You may reproduce these results with echo "def main() { print([[1,2],[3,4]]); } " | bin/toyc-ch5 -x toy - -emit=llvm-dialect
and echo "def main() { print([[1,2],[3,4]]); } " | bin/toyc-ch5 -x toy - -emit=llvm-ir
.
At this point, all the IR is expressed in the LLVM dialect, MLIR can perform a
straight conversion to an LLVM module. You may look into
Ch5/toyc.cpp
for the dumpLLVM()
function:
int dumpLLVM() {
mlir::MLIRContext context;
auto module = loadFileAndProcessModule(context, /* EnableLowering=*/ true);
auto llvmModule = translateModuleToLLVMIR(*module);
if (!llvmModule) {
llvm::errs() << "Failed to emit LLVM IR\n";
return -1;
}
llvm::errs() << *llvmModule << "\n";
return 0;
}
Adding a JIT isn't much more involved either:
int runJit() {
mlir::MLIRContext context;
auto module = loadFileAndProcessModule(context, /* EnableLowering=*/ true);
// Initialize LLVM targets.
llvm::InitializeNativeTarget();
llvm::InitializeNativeTargetAsmPrinter();
// Create an MLIR execution engine. Note that it takes a null pass manager
// to make sure it won't run "default" passes on the MLIR that would trigger
// a second conversion to LLVM IR. The execution engine eagerly JIT-compiles
// the module.
auto maybeEngine =
mlir::ExecutionEngine::create(module.get(), /*pm=*/nullptr);
assert(maybeEngine && "failed to construct an execution engine");
auto &engine = maybeEngine.get();
// Invoke the JIT-compiled function with the arguments. Note that, for API
// uniformity reasons, it takes a list of type-erased pointers to arguments.

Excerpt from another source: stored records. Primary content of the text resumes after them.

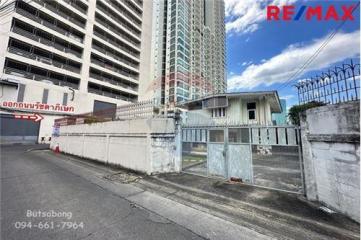 146 Sqm. Land listed for ฿ 100,000.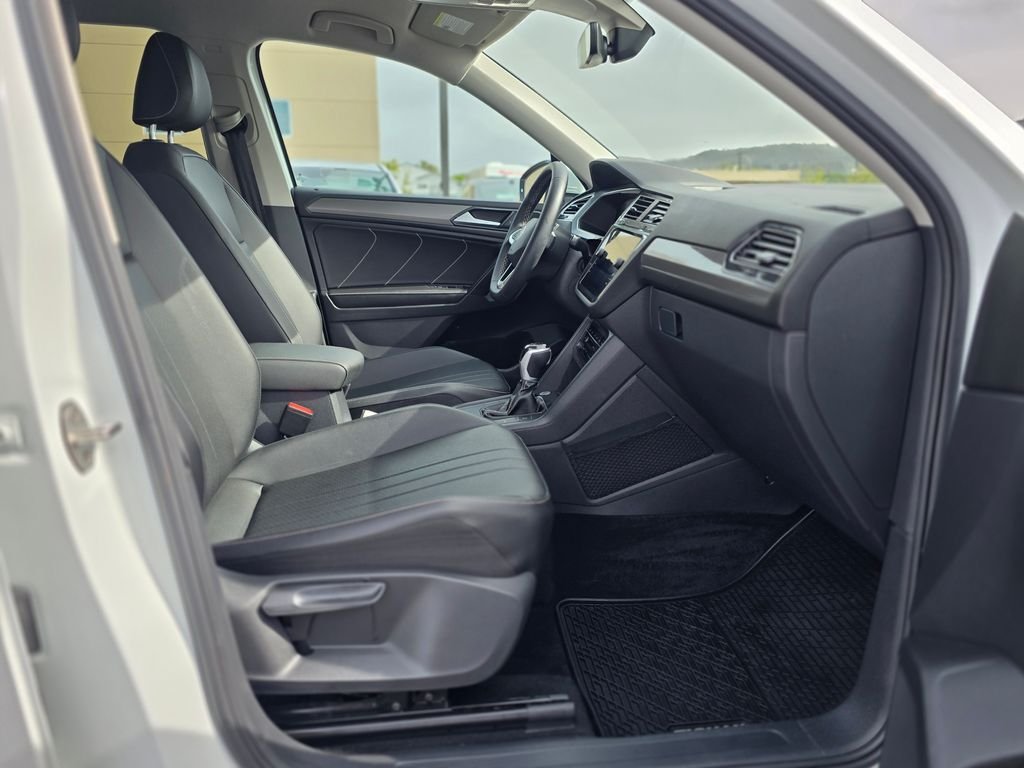 2023 Volkswagen Tiguan SE - Photo 10
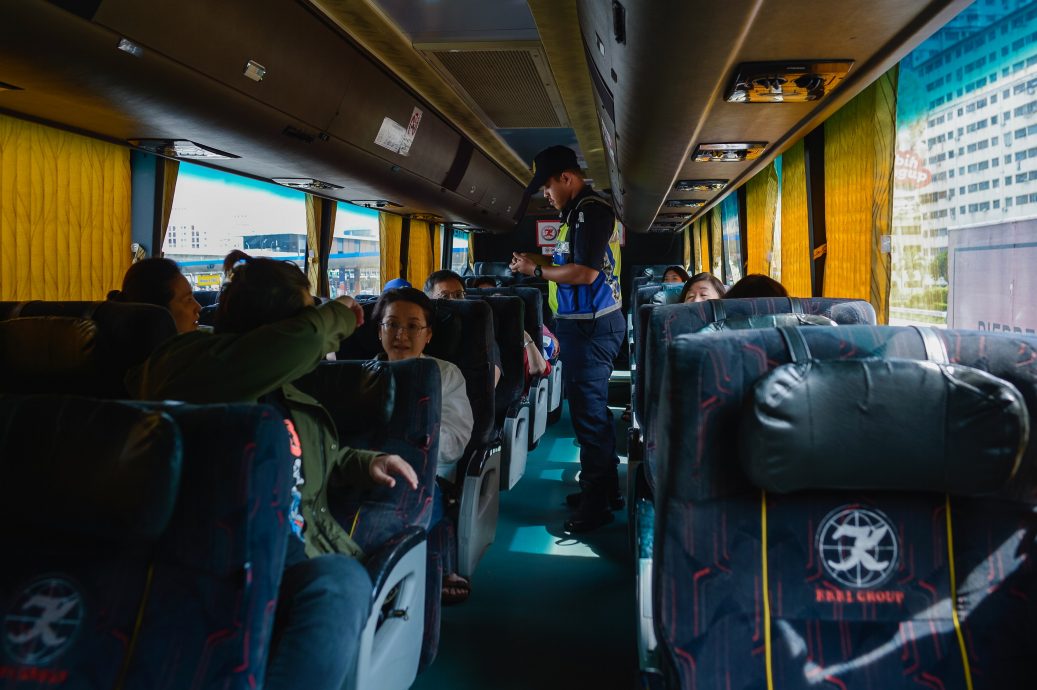 “我忘了”、“我不习惯”  陆交局：乘客不系安全带借口多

auto invocationResult = engine->invoke("main");
if(invocationResult) {
llvm::errs() << "JIT invocation failed\n";
return -1;
}
return 0;
}
You can play with it, from the build directory:
$ echo 'def main() { print([[1, 2], [3, 4]]); }' | ./bin/toyc-ch5 -emit=jit
1.000000 2.000000
3.000000 4.000000
You can also play with -emit=mlir
, -emit=mlir-linalg
, -emit=llvm-dialect
,
and -emit=llvm-ir
to compare the various level of IR involved. Try also
options like --print-ir-after-all
to track the evolution of the IR throughout
the pipeline.